(Collected data entries)
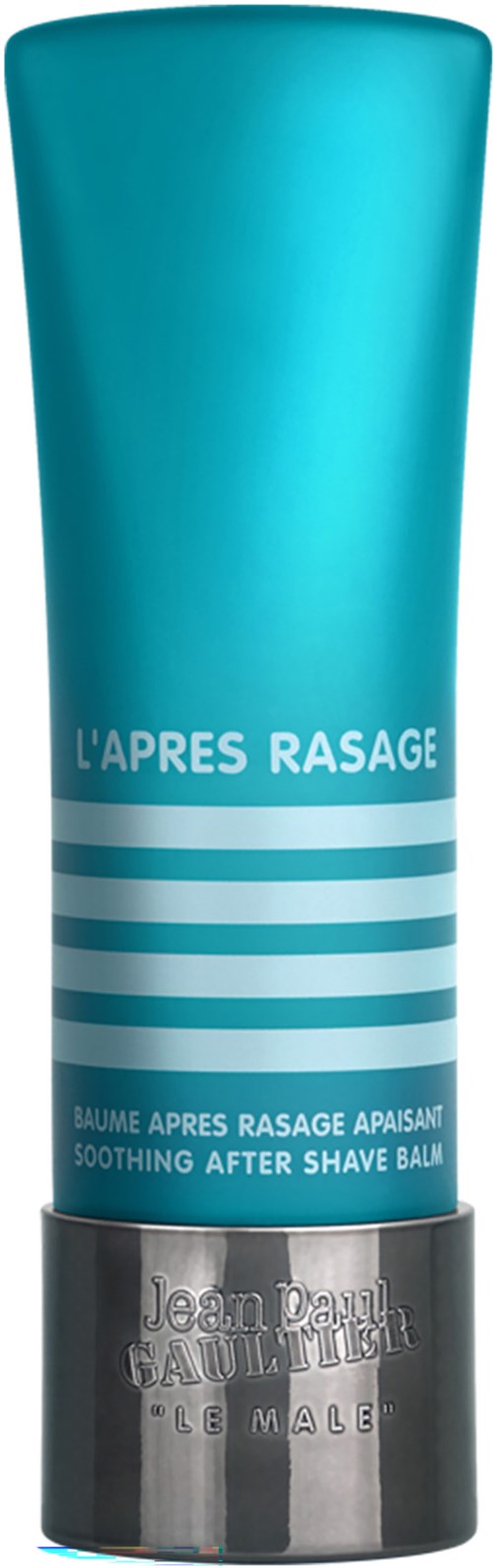 Een blauwe tube met witte strepen en zilveren onderkant, bevat verfrissende aftershave balsem voor mannen.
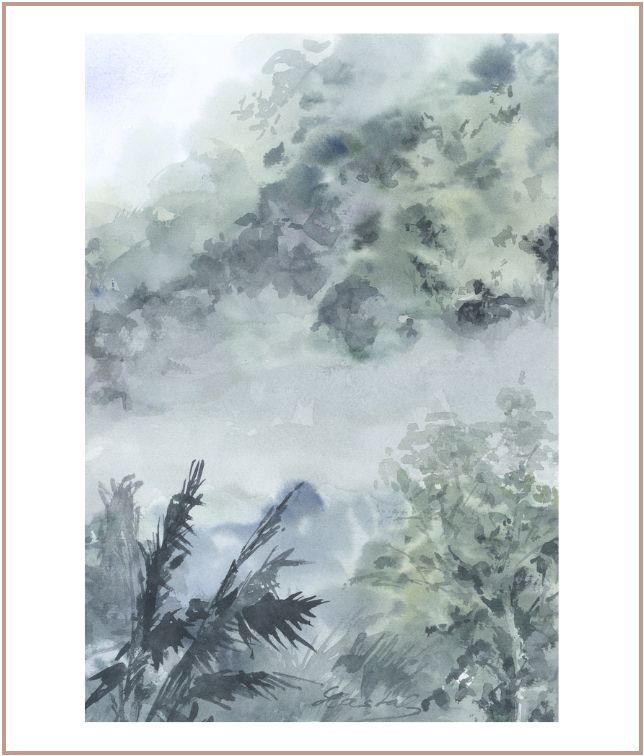 Atmospheric watercolor painting of misty tropical foliage and palms in soft grey-green tones inspired by Thailand, by Martina Hastal.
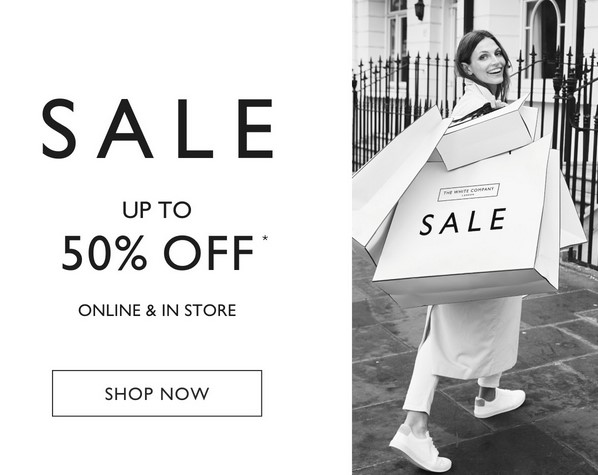 Up to 50% off sale at White Company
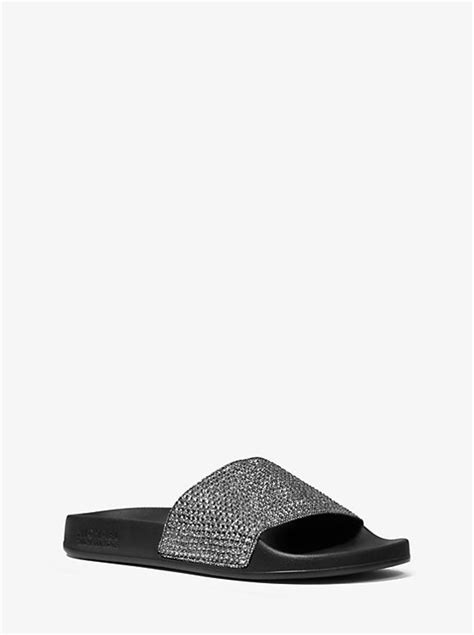 michael kors gilmore crystal embellished slide sandal|Michael Kors gilmore slide sandals.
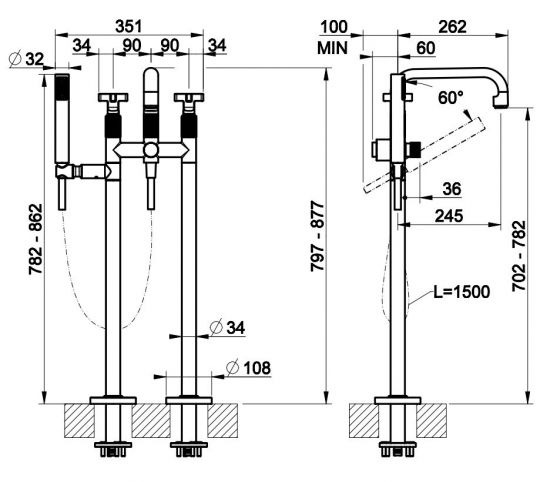 Смеситель для ванны Gessi Inciso 58129727 латунь браш PVD схема 2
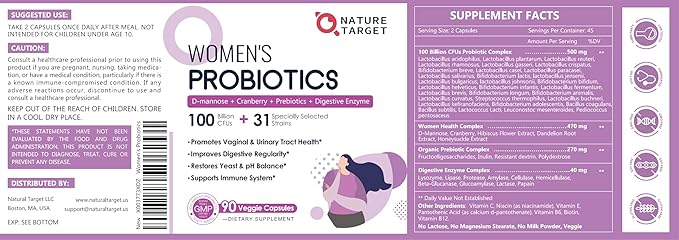 Probiotics for Women Digestive Health, 100 90 Veggie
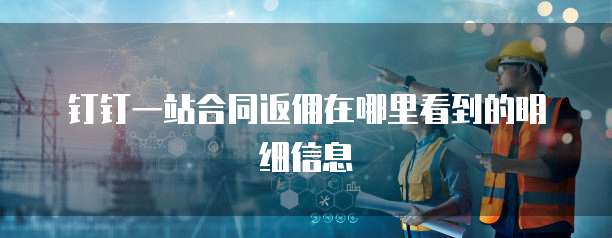 钉钉一站合同返佣在哪里看到的明细信息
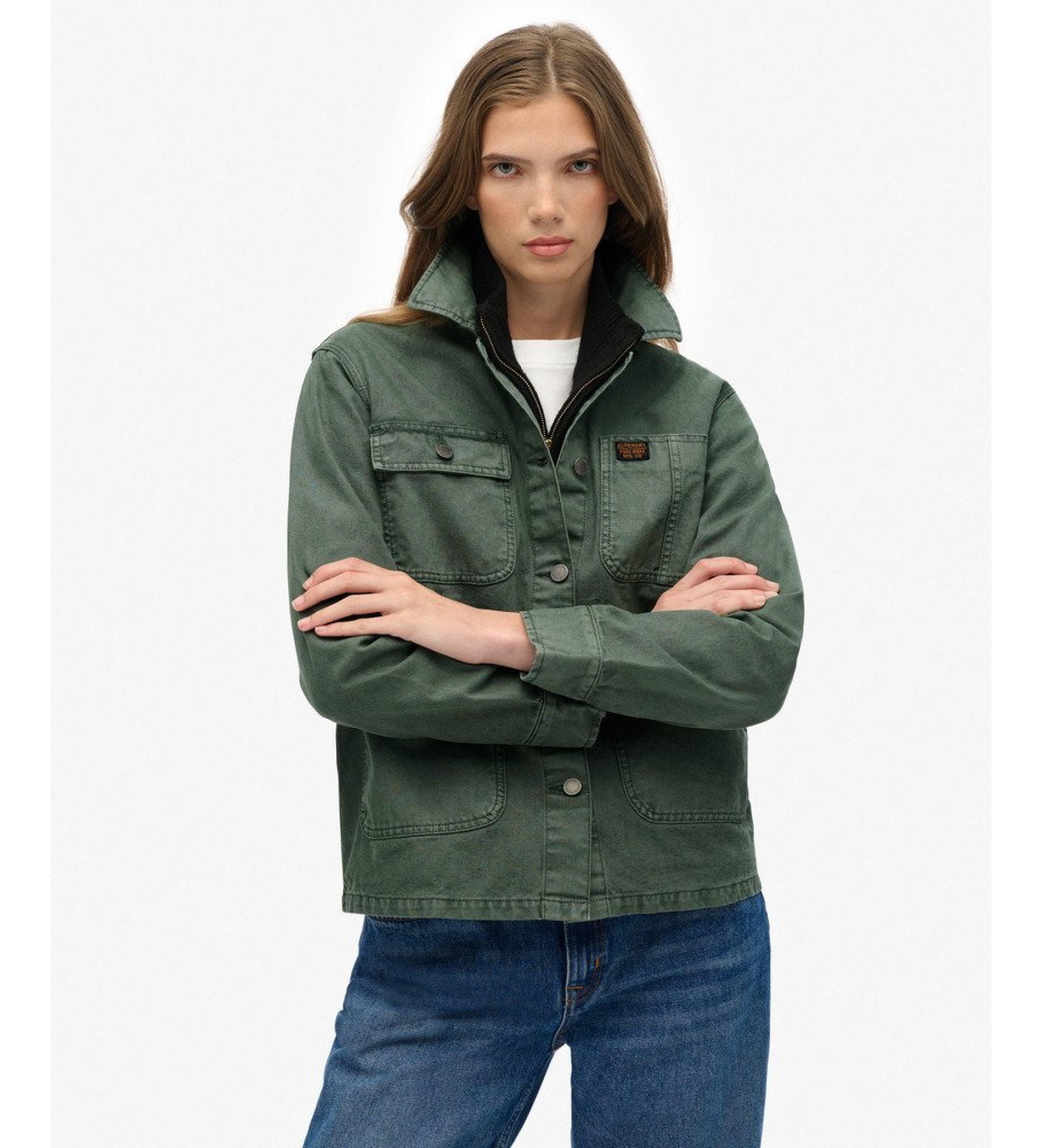 Superdryvoor vrouwen. W5011991A Klusjas groen (XS), Casual, Katoen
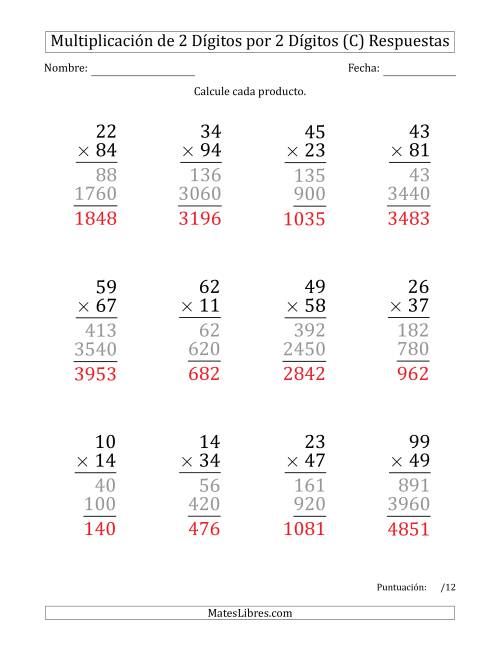 La hoja de ejercicios de Multiplicar Números de 2 Dígitos por 2 Dígitos (Formato Grande) (C) Página 2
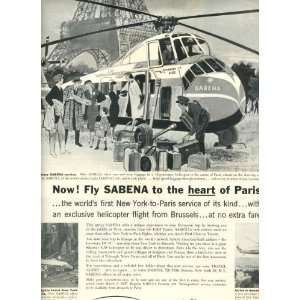   Sabena Helicopter to the Heart of Paris Magazine Ad 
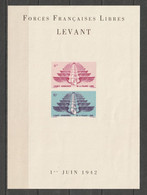Levant Bloc Feuillet N° 1 ** Non Dentelé Forces Françaises Libres - Unused Stamps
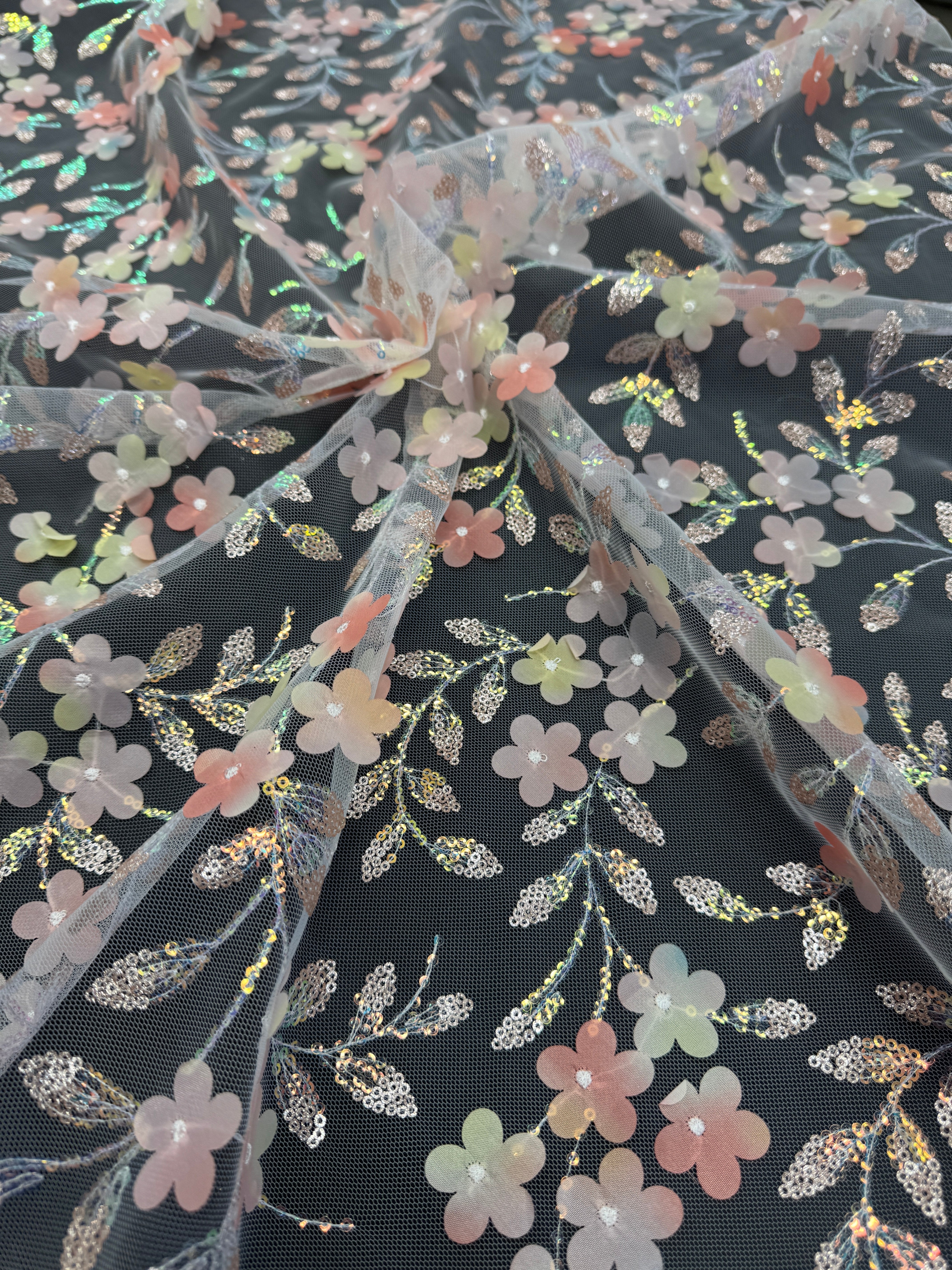 Peach Multicolor 3D Floral Embroidered Tulle, Fabric Store, Sewing Store, Cheap Fabric Store, Kiki Textiles, Textile by the Yard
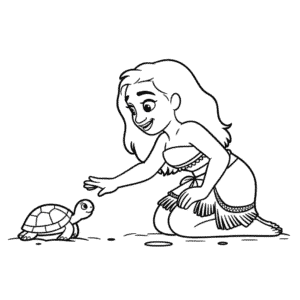Tekening Vaiana met Schildpad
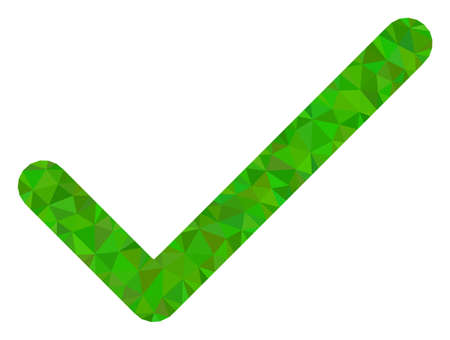 Low-poly apply tick designed of randomized filled triangles. Triangle apply tick polygonal icon illustration. Apply Tick icon is filled with triangles.のイラスト素材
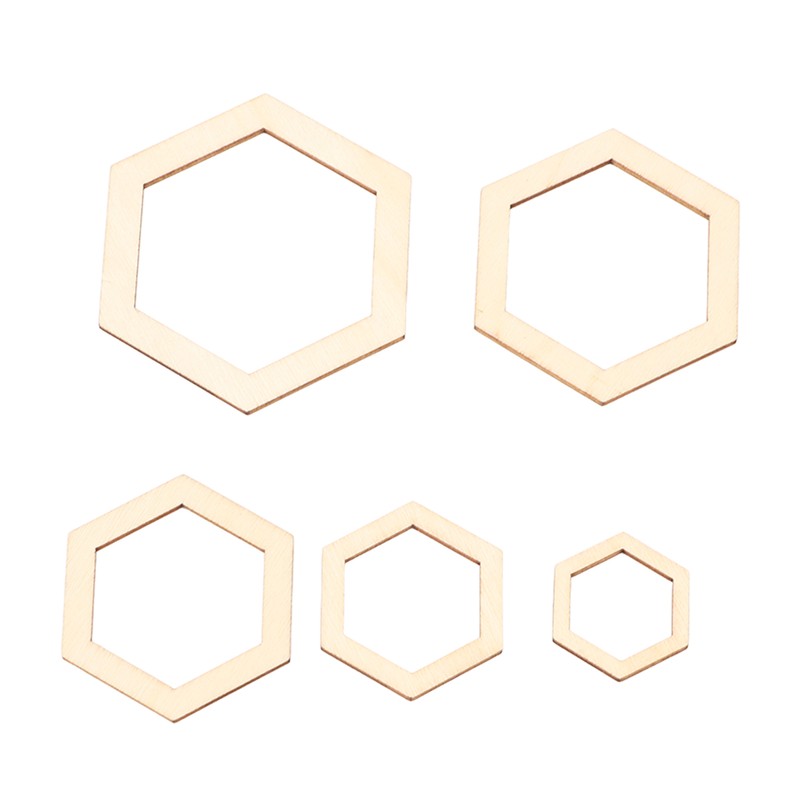 205Pcs Hexagonal Wooden Cutouts 5 Sizes Light Durable Odourless Blank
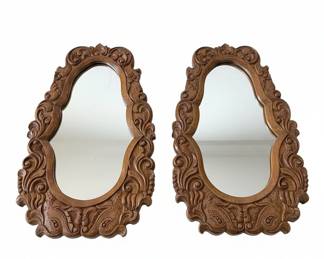 Ornate Carved Wood Gilt Mirrors Pair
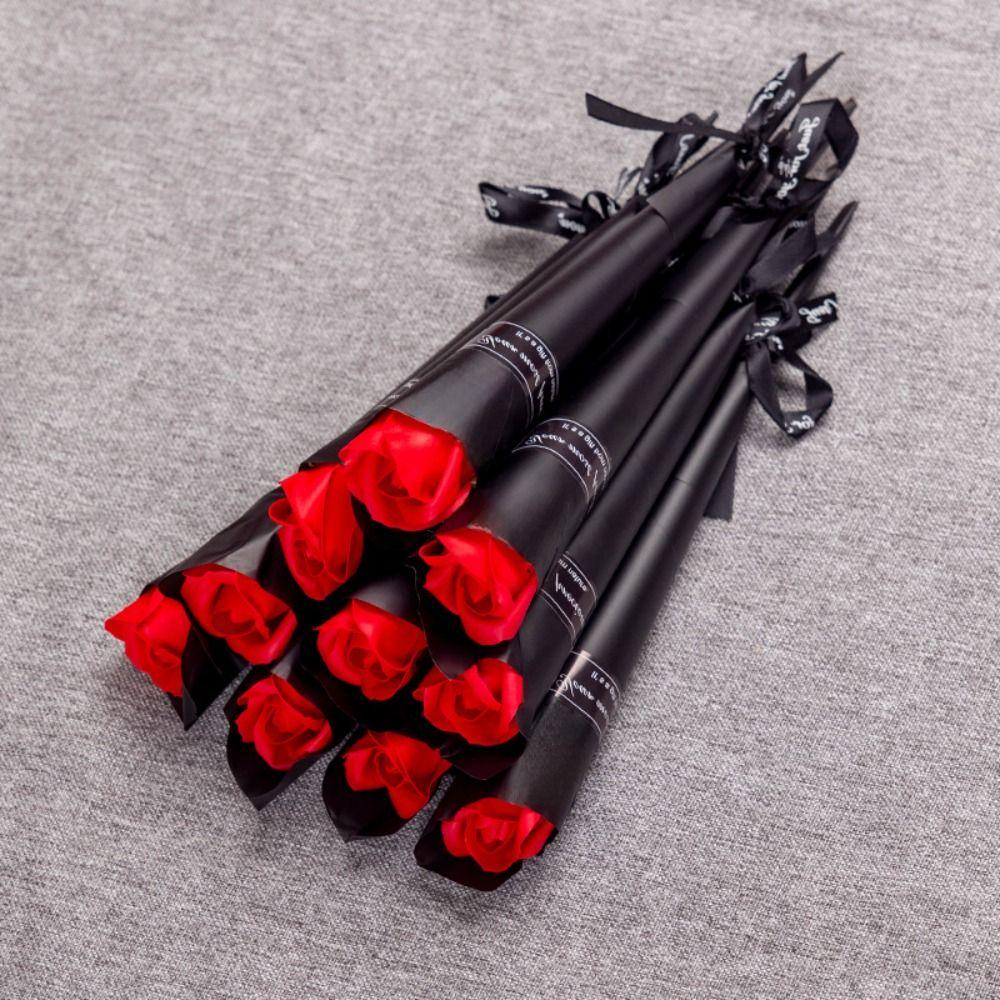 10PCS 6 Colors Rose Bouquet Red Artificial Flower Romantic Wedding Bouquet  Home Decorations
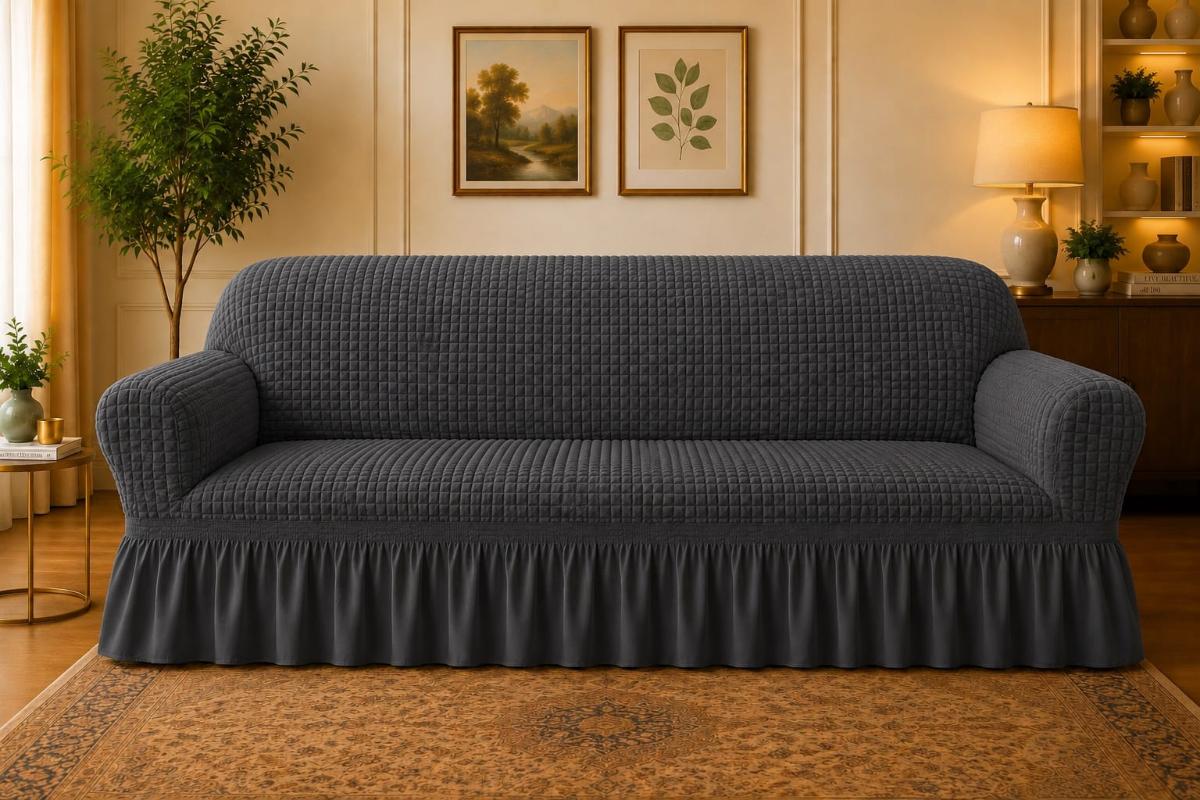 Huse canapea 3 Locuri Material Creponat cu volan Huse canapea creponate material bun cu elastic se conținue buretele care așesezează foarte bun cu canapea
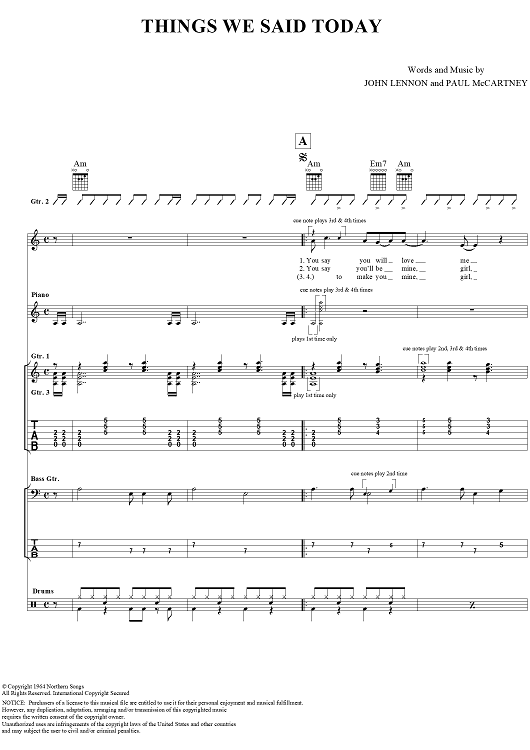 Things We Said Today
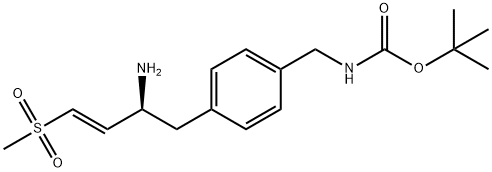 Carbamic acid, N-[[4-[(2S,3E)-2-amino-4-(methylsulfonyl)-3-buten-1-yl]phenyl]methyl]-, 1,1-dimethylethyl ester Structure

#### Exercise brief
Drop the pictures, then write out only the lines running from the one containing "Things We Said Today" through the last line above, both included, exactly.

#### Result for this task
 Things We Said Today
 Carbamic acid, N-[[4-[(2S,3E)-2-amino-4-(methylsulfonyl)-3-buten-1-yl]phenyl]methyl]-, 1,1-dimethylethyl ester Structure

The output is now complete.